On Nov. 5, people who live between the shores of the Liberty Park pond and the bright lights of Spring Mobile Ballpark will (if they care and if there’s not something really good on TV) go to the polls and cast their vote for a brand-new Salt Lake City Council member to represent District 5.

The contenders vying for the seat held by retiring incumbent Jill Remington Love are both first-timers: quiet activist Erin Mendenhall and small-businessman-about-town Bill Davis. If the primaries are any indication, Mendenhall’s already got a leg up—she nabbed 71 percent of the vote, while Davis came away with 17 percent. But the campaign has really only just begun. City Weekly spoke with Davis, a candidate who makes his own luck, about his secret weapon (and no, it’s not just community involvement), as well as with Mendenhall, a behind-the-scenes activist who told City Weekly about her disturbing love of budget meetings and audits.

Erin Mendenhall: The pro-air candidate

As director of nonprofit Breathe Utah, Mendenhall says that a main joy of her work is teaching schoolchildren about air quality.

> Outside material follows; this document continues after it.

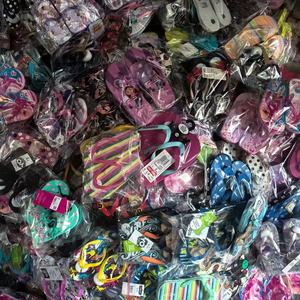 Neue Kinder-Cartoon-Flip-Flops Sommer Outdoor Rutschfeste Badezimmer Strand Hausschuhe Großhandel - Product Image 1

One of the group’s outreach efforts usually involves an air-quality-themed poster contest for students.

“The posters range from showing action-figure guys shooting pollution to really sincere pleadings [for cleaner air] from paintings of kittens and things,” Mendenhall says. While posters are a simple gesture, Mendenhall says there’s much power in subtle shifts of thinking. Even if change doesn’t occur overnight, she sees a lot to be gained through a quiet kind of activism, as when she worked with former Democratic state Senator Ben McAdams in the 2012 legislative session to include information about the effects of idling vehicles on air pollution into the state driver-education curriculum. It was a simple, noncontroversial policy change that will give thousands of new Utah drivers info they can use to help air quality.

“I think work on something like air quality is about taking lots of little steps in that direction,” Mendenhall says.

This is the 33-year-old Mendenhall’s first stab at elected office, though she says she’s already been actively tapped into her community, having organized her local neighborhood-watch program. She also sits on her son’s school community council “because I like the budget side of things rather than the cupcakes and PTA side.”

Her affinity for numbers and planning also extends to the private sector, where she did auditing for an FDA-regulated sterilization company. “I have a knack for finding loopholes and closing them up,” Mendenhall says.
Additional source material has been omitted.